# Paying people for sales



## mikewhite85 (Apr 26, 2012)

I have a climber who has done a little sales in the past with another company. He definitely has the skills though is not as familiar with the trees and landscape around here (recently moved from Chicago to LA about 4 months ago) and I am working on getting him his CA in the next few months. 

I pay him 17/hr for climbing. How do you guys figure on sending out guys to do estimates? Should I just pay him the same rate under a diff workers comp class? Do you figure on commission as well? 

I wish I could do all the sales myself but I probably only go to 15-25% of my calls. The rest get ignored as I am working on my masters and just can't make it out to them.

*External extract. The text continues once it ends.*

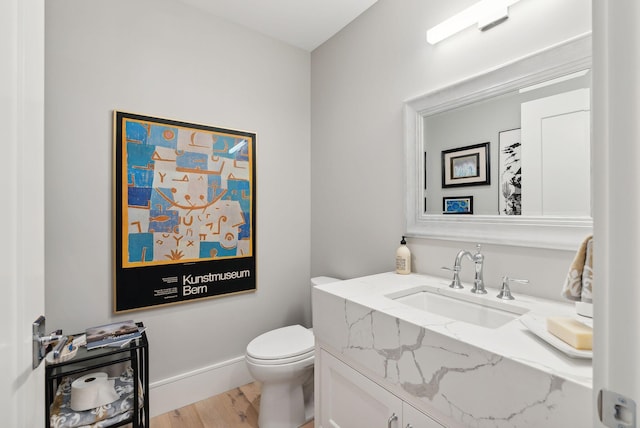 bathroom featuring hardwood / wood-style floors, vanity, and toilet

It would be nice to have someone I trust doing the rest.


----------



## no tree to big (May 7, 2012)

not with the co I'm with now (they have 3 estimators and a 4th office jockey can go if necessary) but the co I worked for for like a day before I got a call from the one I'm with now. what they did was had one part time estimator then it was setup so if there was an estimate far away or he couldn't get to it there were I think 3 other guys the owner would trust to do estimates they each lived in different directions so he would give it to the guy that lived closest you would get your hourly rate and a small gas allowance plus you got 10%. anybody could sell a job as long as it was along the guide lines for co pricing and you'd get the 10%. But that co was the most expensive co in the Chicago area


----------